» Instructions to follow:
Print the listing below from its opening line through the line holding "Arevalo Suites", both ends included.

» Given records:
--

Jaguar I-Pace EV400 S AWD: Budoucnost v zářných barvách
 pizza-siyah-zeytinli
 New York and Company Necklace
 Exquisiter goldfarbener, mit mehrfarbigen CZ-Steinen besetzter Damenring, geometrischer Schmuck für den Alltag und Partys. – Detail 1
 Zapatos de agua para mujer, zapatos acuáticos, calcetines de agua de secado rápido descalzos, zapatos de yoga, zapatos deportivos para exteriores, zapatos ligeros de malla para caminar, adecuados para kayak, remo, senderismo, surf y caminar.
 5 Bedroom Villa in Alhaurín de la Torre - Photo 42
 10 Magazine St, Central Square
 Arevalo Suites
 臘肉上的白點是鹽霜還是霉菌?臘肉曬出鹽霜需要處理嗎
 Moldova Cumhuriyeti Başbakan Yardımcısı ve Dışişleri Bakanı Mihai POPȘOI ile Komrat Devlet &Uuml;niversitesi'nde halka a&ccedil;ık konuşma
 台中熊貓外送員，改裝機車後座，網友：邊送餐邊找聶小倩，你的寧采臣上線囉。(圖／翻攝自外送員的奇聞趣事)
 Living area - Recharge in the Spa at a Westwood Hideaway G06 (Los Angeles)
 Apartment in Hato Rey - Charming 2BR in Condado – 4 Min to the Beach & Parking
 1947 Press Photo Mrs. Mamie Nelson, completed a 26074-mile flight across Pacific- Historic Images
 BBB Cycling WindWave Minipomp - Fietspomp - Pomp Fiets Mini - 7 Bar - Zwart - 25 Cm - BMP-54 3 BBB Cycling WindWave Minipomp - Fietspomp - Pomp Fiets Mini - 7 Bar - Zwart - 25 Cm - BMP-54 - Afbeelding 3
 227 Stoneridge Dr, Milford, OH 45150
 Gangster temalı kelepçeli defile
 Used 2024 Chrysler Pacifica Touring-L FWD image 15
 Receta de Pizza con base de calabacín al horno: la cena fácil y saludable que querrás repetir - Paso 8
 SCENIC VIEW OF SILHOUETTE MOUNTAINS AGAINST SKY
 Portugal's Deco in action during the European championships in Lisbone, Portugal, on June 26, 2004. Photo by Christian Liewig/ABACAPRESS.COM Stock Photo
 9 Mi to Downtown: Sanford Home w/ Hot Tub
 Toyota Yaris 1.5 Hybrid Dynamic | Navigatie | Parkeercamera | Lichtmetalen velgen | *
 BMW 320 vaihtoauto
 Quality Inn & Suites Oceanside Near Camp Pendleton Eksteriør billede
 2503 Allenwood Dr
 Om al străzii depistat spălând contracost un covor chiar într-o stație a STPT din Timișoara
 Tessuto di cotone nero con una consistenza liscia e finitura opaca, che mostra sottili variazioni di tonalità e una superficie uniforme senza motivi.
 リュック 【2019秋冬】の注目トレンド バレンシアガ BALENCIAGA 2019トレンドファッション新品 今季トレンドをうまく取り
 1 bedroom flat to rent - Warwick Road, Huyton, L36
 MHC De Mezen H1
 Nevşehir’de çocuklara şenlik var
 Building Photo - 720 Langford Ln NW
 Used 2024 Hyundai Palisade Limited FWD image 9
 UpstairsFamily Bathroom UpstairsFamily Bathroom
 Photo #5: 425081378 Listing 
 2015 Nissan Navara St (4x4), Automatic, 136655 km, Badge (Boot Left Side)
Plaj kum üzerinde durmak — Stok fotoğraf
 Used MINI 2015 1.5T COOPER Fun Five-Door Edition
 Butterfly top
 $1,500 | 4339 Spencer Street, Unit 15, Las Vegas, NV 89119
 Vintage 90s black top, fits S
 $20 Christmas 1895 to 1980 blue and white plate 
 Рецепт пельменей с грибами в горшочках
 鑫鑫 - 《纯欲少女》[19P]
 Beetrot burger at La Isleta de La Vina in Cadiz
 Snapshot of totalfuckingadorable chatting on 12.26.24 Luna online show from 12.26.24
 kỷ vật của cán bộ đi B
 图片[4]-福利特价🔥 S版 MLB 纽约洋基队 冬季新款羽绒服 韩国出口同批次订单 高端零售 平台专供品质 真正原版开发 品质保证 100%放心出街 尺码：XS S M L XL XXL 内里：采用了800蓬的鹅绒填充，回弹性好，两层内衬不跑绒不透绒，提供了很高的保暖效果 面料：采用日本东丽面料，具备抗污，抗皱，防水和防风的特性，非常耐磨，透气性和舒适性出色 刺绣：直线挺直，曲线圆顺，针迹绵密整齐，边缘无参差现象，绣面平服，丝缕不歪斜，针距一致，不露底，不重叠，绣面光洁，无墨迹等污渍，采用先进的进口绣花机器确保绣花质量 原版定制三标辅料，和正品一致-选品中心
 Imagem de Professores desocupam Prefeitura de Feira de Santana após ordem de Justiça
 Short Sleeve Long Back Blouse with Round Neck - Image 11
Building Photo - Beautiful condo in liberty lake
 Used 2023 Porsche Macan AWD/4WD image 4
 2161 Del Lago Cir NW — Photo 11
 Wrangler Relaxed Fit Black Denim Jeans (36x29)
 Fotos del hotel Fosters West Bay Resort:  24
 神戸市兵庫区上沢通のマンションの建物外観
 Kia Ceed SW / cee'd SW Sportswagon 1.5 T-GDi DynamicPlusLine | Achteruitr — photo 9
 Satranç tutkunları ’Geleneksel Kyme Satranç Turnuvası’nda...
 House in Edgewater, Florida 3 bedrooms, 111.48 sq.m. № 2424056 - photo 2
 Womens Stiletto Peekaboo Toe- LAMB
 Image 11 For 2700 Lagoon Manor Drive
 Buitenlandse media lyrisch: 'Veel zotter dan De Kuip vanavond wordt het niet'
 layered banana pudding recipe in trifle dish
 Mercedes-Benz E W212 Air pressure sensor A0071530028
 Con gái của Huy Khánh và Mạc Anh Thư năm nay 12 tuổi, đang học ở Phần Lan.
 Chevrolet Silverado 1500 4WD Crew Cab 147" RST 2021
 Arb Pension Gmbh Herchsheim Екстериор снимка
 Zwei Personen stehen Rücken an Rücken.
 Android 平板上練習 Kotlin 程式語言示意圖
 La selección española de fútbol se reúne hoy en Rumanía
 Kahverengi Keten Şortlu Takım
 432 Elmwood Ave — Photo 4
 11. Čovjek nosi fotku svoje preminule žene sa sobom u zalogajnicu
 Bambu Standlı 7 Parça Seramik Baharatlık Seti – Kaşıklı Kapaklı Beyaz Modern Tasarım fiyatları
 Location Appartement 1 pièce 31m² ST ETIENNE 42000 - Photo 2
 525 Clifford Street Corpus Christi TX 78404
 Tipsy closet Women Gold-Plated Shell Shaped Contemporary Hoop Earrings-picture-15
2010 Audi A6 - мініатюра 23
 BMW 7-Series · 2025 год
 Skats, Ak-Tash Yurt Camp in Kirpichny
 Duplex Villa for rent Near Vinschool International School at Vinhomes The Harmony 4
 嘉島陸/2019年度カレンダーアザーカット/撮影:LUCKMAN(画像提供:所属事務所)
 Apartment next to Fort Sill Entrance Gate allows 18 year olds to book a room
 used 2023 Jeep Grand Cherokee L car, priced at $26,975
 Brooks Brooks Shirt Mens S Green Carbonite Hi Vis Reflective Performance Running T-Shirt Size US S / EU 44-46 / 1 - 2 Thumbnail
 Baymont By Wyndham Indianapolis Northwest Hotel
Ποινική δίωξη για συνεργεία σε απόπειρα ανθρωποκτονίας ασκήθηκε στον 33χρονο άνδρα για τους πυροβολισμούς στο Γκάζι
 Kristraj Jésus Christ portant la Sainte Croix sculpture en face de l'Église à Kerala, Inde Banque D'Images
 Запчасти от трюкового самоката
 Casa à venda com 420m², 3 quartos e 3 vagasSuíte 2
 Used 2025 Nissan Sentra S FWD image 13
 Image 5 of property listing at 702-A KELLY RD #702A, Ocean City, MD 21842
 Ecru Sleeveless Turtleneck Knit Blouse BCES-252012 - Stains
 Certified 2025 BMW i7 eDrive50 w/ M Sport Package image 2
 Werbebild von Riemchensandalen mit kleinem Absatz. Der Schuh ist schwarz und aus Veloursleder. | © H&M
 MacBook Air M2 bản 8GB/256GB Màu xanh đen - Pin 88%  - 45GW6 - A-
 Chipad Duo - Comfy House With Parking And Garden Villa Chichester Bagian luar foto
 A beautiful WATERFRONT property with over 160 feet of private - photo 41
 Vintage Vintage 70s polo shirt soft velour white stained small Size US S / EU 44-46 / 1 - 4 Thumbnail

--

» Solution to this task:
Jaguar I-Pace EV400 S AWD: Budoucnost v zářných barvách
 pizza-siyah-zeytinli
 New York and Company Necklace
 Exquisiter goldfarbener, mit mehrfarbigen CZ-Steinen besetzter Damenring, geometrischer Schmuck für den Alltag und Partys. – Detail 1
 Zapatos de agua para mujer, zapatos acuáticos, calcetines de agua de secado rápido descalzos, zapatos de yoga, zapatos deportivos para exteriores, zapatos ligeros de malla para caminar, adecuados para kayak, remo, senderismo, surf y caminar.
 5 Bedroom Villa in Alhaurín de la Torre - Photo 42
 10 Magazine St, Central Square
 Arevalo Suites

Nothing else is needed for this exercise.